There is less dissatisfaction with the actual system in Germany but there are calls to reduce the size of the Bundestag which has gradually grown to 736 seats and is one of the largest legislatures in the world. But comparing these three countries is a good starting point because they have such contrasting systems.
Majoritarian, consensual, and semi-presidential
The UK is Europe’s leading majoritarian democracy – one in which power is concentrated – whereas Germany lies towards the other end of the spectrum as a much more consensual democracy in which power is shared, dispersed, and restrained. France lies somewhere in between but has a ‘semi-presidential’ system with a directly-elected president alongside a prime minister dependent on the legislature as in a parliamentary system.
Debates about reform show a striking contrast between France and the UK on the one hand and Germany on the other. France and the UK are extremely centralized, especially in comparison to Germany with its federal system and powerful independent institutions such as the constitutional court. But France and the UK are centralized in slightly different ways – in France, power is concentrated around the presidency – the executive – whereas in the UK it is around the House of Commons – the legislature, or at least the cabinet.

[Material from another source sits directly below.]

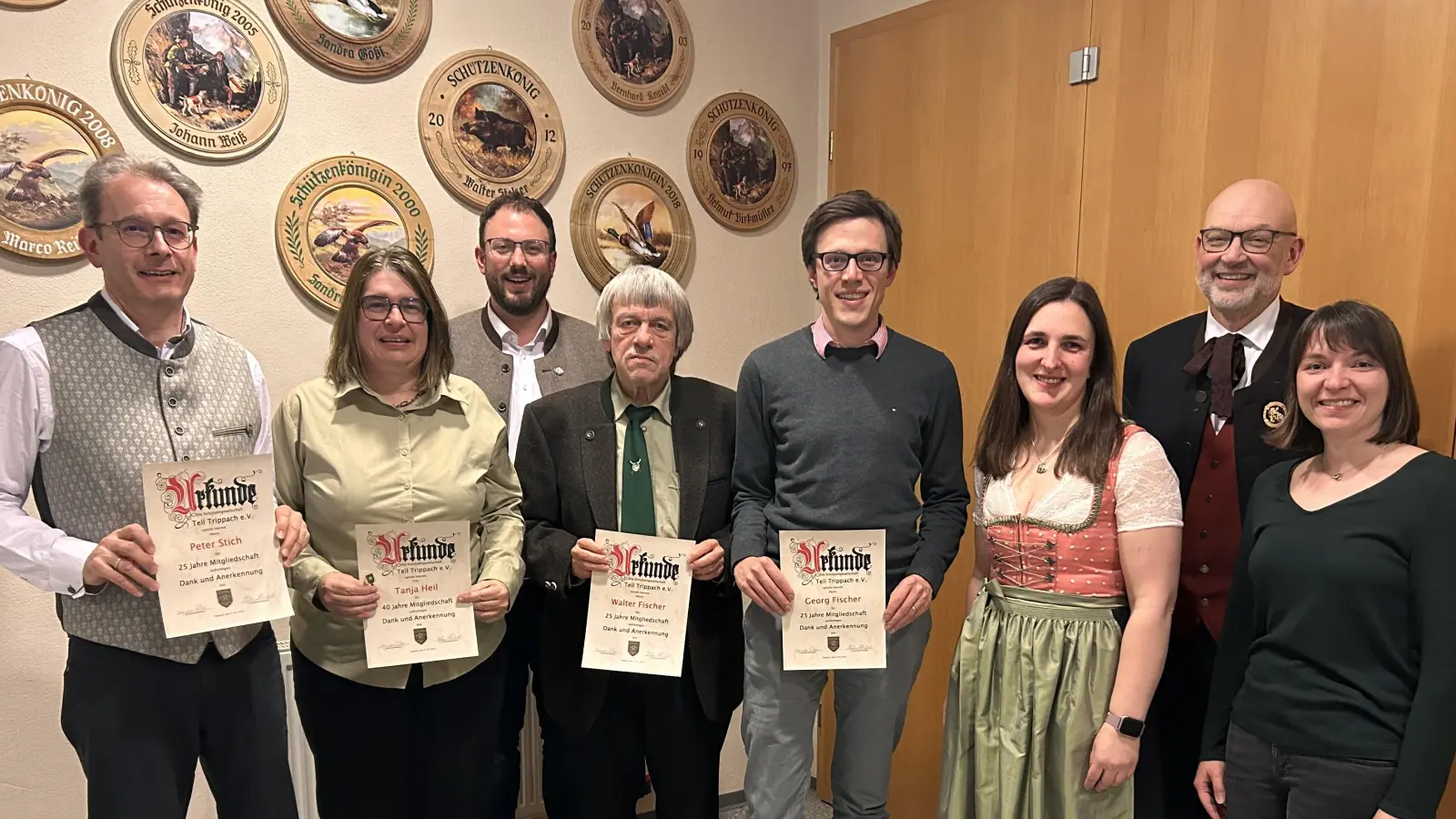 Den Geehrten gratulierten auch Zweiter Bürgermeister Julian Kraus und Gauschützenmeister Wolfgang Weiß (hinten von links) sowie Vorsitzende Daniela Siller und Gemeinderätin Nicole Presche (vorne rechts). (Bild: Siegfried Bock)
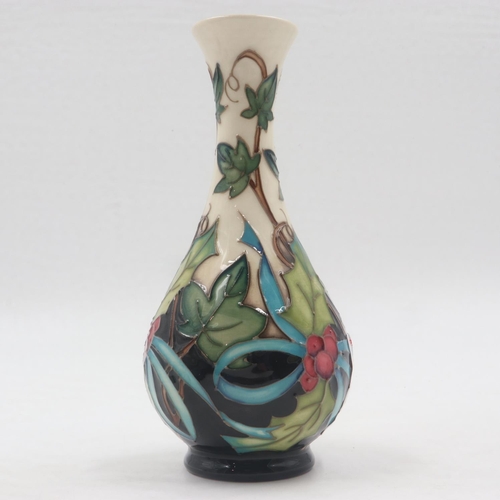 160 - Moorcroft vase in The Ivy pattern, by Nicola Slaney, no cracks or chips, H: 18 cm. UK P&P Group 1 (£...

When considering proportionality in electoral systems, the Netherlands is the most proportional electoral system in Europe as essentially it has one single constituency, and the UK is one of the least proportional because of the first-past-the-post system. France and Germany are in between, with France closer to the UK and Germany closer to the Netherlands.
The advantages of proportionality are clear in terms of representation but there is also a major disadvantage in that the more proportional the system, the weaker the link tends to be between representatives and the represented – one strength of the UK system is the relatively strong link between MPs and their constituents.
In addition, the more proportional the system, the more likely it is to produce coalition governments – and again, there are clear advantages to this but also disadvantages. Accountability is less clear as government policies emerge out of coalition negotiations rather than simply implementing manifesto commitments, and coalition partners can blame each other for failures. It can also produce a tendency towards a permanent ‘grand coalition’ – between 2005 and 2021 Germany had three grand coalitions in four electoral periods – which creates a perception that voters cannot kick out those in power.
Better systems or less demanding electorates
However, overall there seems to be greater satisfaction with democratic processes and institutions in Germany than in France or the UK. But in many ways Germany is a more constrained democracy with the ‘constitutional’ pillar of liberal democracy being dominant relative to the ‘popular’ pillar. Therefore, if German citizens really are happier with their democratic system than British or French citizens, it could either be because their system is better, or they are less demanding. Or, to put it in terms used by Irish political scientist Peter Mair, they may be happier with a less responsive form of government because they value ‘responsible’ government more.